The line
return pcoll.pipeline | beam.ParDo(dofn)
should read
return pcoll| beam.ParDo(dofn)
On Fri, Jul 21, 2017 at 3:25 PM, Dmitry Demeshchuk <[email protected]>
wrote:
> Yep, that's what I ended up doing.
>
> Here's the full code:
>
> class ErrorSieve(beam.PTransform):
> class ErrorSieveDoFn(beam.DoFn):
> def __init__(self, dofn, save_exceptions=False,
> save_stacktraces=False):
> self.dofn = dofn
> self.save_exceptions = save_exceptions
> self.save_stacktraces = save_stacktraces
>
> def process(self, *args, **kwargs):
> try:
> yield inner_process(*args, **kwargs)
> except Exception as e:
> result = [args, kwargs]
> if self.save_exceptions:
> result = result + [e]
> if self.save_stacktraces:
> result = result + [traceback.extract_stack()]
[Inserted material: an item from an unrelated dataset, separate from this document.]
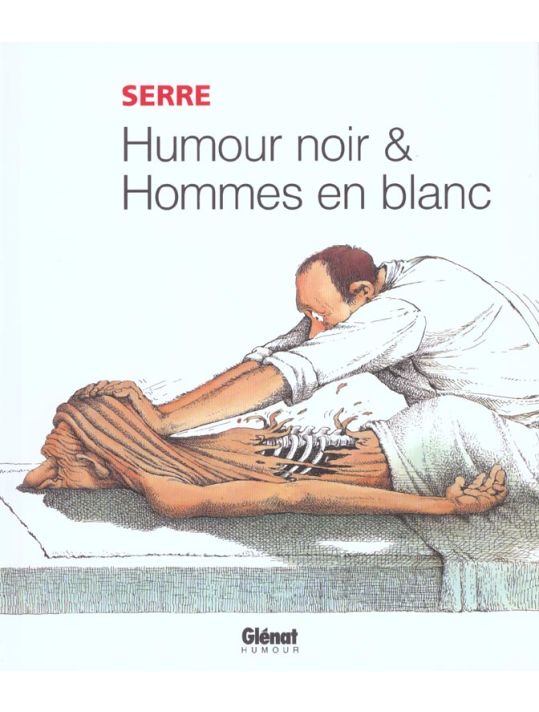 serre tome 17 - humour noir et hommes en blanc main product photo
> yield beam.pvalue.TaggedOutput('errors', result)
>
> def __init__(self, pardo, save_exceptions=False, save_stacktraces=False):
> self.fn = pardo.fn
> self.save_exceptions = save_exceptions
> self.save_stacktraces = save_stacktraces
>
> def expand(self, pcoll):
> dofn = ErrorSieve.ErrorSieveDoFn(self.fn, self.save_exceptions,
> self.save_stacktraces)
> return pcoll.pipeline | beam.ParDo(dofn)
>
>
>
> However, when I try to use it with a TestPipeline() object, I get the
> following exception:
>
> _ _ _ _ _ _ _ _ _ _ _ _ _ _ _ _ _ _ _ _ _ _ _ _ _ _ _ _ _ _ _ _ _ _ _ _ _
> _ _ _
> ../venv/lib/python2.7/site-packages/apache_beam/pipeline.py:183: in
> __exit__
> self.run().wait_until_finish()
> ../venv/lib/python2.7/site-packages/apache_beam/testing/test_pipeline.py:96:
> in run
> result = super(TestPipeline, self).run()
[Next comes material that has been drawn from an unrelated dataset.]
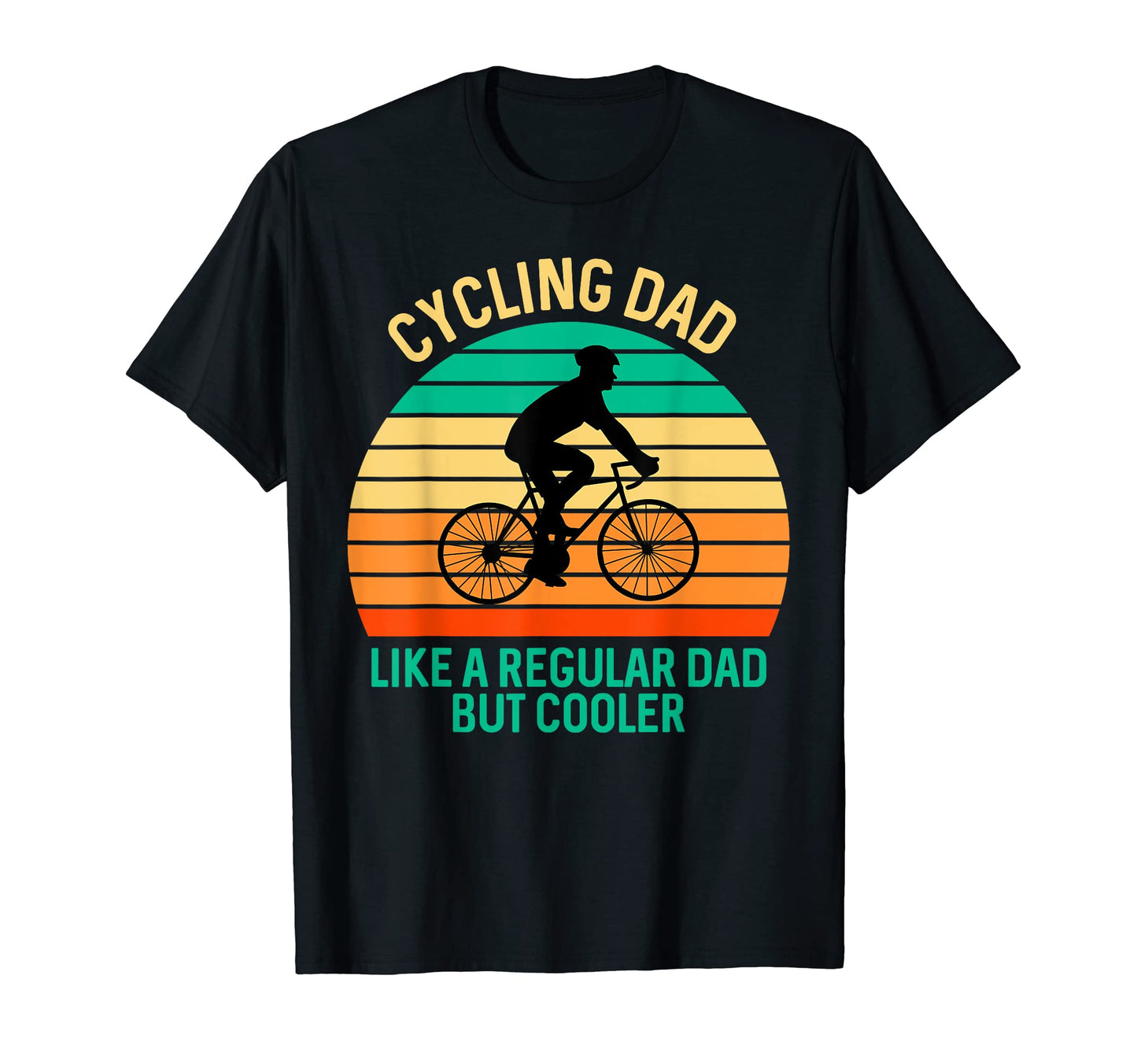 Cycling Dad Like Regular Dad But T-Shirt - Casual Everyday Wear Men Women - T-Shirt, Sweatshirt, Hoodie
> ../venv/lib/python2.7/site-packages/apache_beam/pipeline.py:167: in run
> self.to_runner_api(), self.runner, self._options).run(False)
> ../venv/lib/python2.7/site-packages/apache_beam/pipeline.py:347: in
> to_runner_api
> root_transform_id = context.transforms.get_id(self._root_transform())
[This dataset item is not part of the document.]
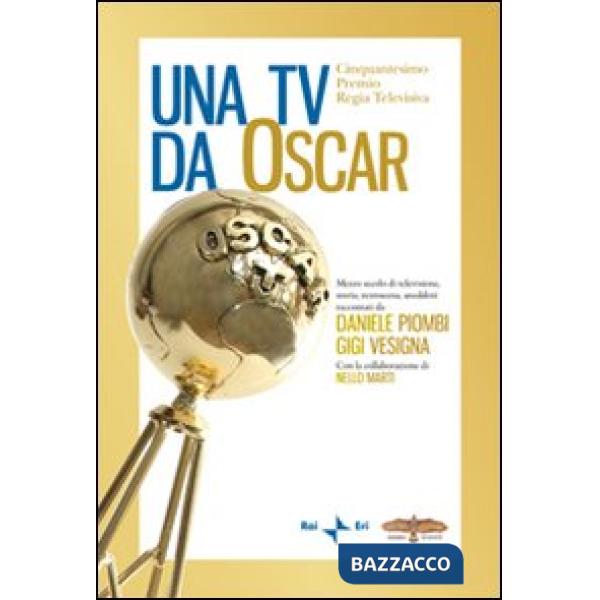 Tv da Oscar. Mezzo secolo di televisione, storia, retroscena, aneddoti (Una)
> ../venv/lib/python2.7/site-packages/apache_beam/runners/pipeline_context.py:58:
> in get_id
> self._id_to_proto[id] = obj.to_runner_api(self._pipeline_context)
> ../venv/lib/python2.7/site-packages/apache_beam/pipeline.py:539: in
> to_runner_api
> subtransforms=[context.transforms.get_id(part) for part in
> self.parts],
> ../venv/lib/python2.7/site-packages/apache_beam/runners/pipeline_context.py:58:
> in get_id
> self._id_to_proto[id] = obj.to_runner_api(self._pipeline_context)
> ../venv/lib/python2.7/site-packages/apache_beam/pipeline.py:539: in
> to_runner_api
> subtransforms=[context.transforms.get_id(part) for part in
> self.parts],
> ../venv/lib/python2.7/site-packages/apache_beam/runners/pipeline_context.py:58:
> in get_id
> self._id_to_proto[id] = obj.to_runner_api(self._pipeline_context)
> ../venv/lib/python2.7/site-packages/apache_beam/pipeline.py:544: in
> to_runner_api
> for tag, out in self.named_outputs().items()},
> ../venv/lib/python2.7/site-packages/apache_beam/pipeline.py:543: in
> <dictcomp>
> outputs={str(tag): context.pcollections.get_id(out)
> ../venv/lib/python2.7/site-packages/apache_beam/runners/pipeline_context.py:58:
> in get_id
> self._id_to_proto[id] = obj.to_runner_api(self._pipeline_context)
> ../venv/lib/python2.7/site-packages/apache_beam/pvalue.py:139: in
> to_runner_api
> self.windowing))
> ../venv/lib/python2.7/site-packages/apache_beam/pvalue.py:121: in
> windowing
> self.producer.inputs)
> _ _ _ _ _ _ _ _ _ _ _ _ _ _ _ _ _ _ _ _ _ _ _ _ _ _ _ _ _ _ _ _ _ _ _ _ _
> _ _ _
>
> self = <ParDo(PTransform) label=[ParDo(ErrorSieveDoFn)] at 0x10b750590>
> inputs = (<PBegin[None.None] at 0x10b7504d0>,)
>
> def get_windowing(self, inputs):
> """Returns the window function to be associated with transform's
> output.
>
> By default most transforms just return the windowing function
> associated
> with the input PCollection (or the first input if several).
> """
> # TODO(robertwb): Assert all input WindowFns compatible.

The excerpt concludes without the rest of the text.